Carbone boréal is an original grassroot, horizontal, collaborative, voluntary and transparent way of funding climate and environmental science research. It is a living laboratory for present and future scholars of the boreal zone that creatively and concomitantly finances relevant science projects while mitigating climate change through NBS.

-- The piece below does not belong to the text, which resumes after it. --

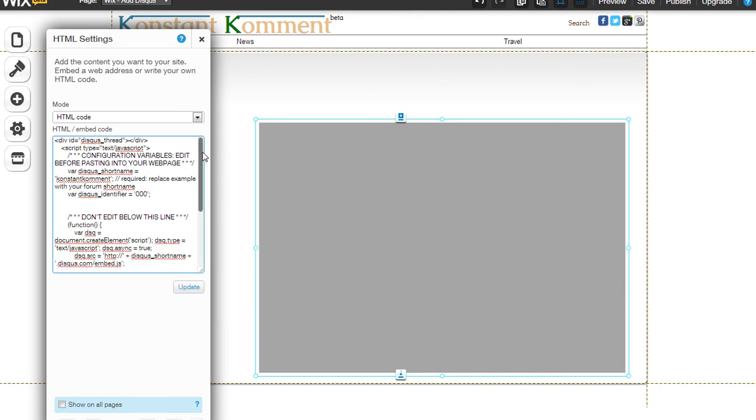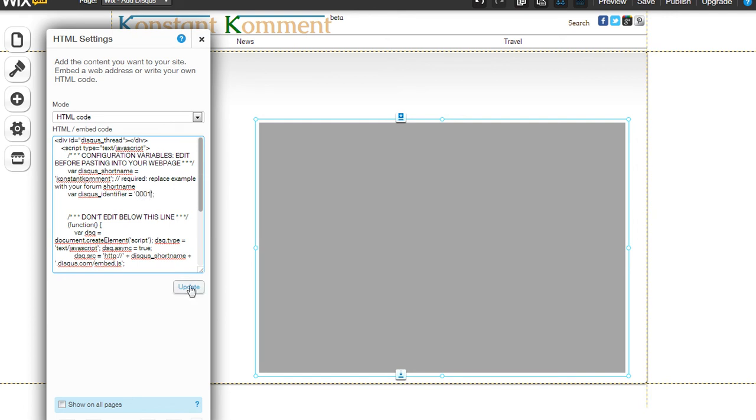If you want different comments to show up on every page of your website, all you need to do is add in this right here and change before you click update for the first time. You need to change this to a different number. So it was 000, I'm just going to make it 0001 and then click update.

As Carbone boréal, other research infrastructures worldwide could acquire resilience by funding their projects via the carbon markets. Other NBS can and must be applied globally to answer the challenges of net GHG reductions and should be used in research to measure their efficiency. For instance, other NBS such as soil carbon sequestration in agriculture (e.g. biochar addition and change of practices), peatland and wetland restoration are as promising as afforestation but research gaps are still wide to ensure sustainable net GHG reductions [1]. Using carbon markets for financing such research on the long term is one of the solutions to assist in NBS management and to increase their efficient implementation to mitigate climate change.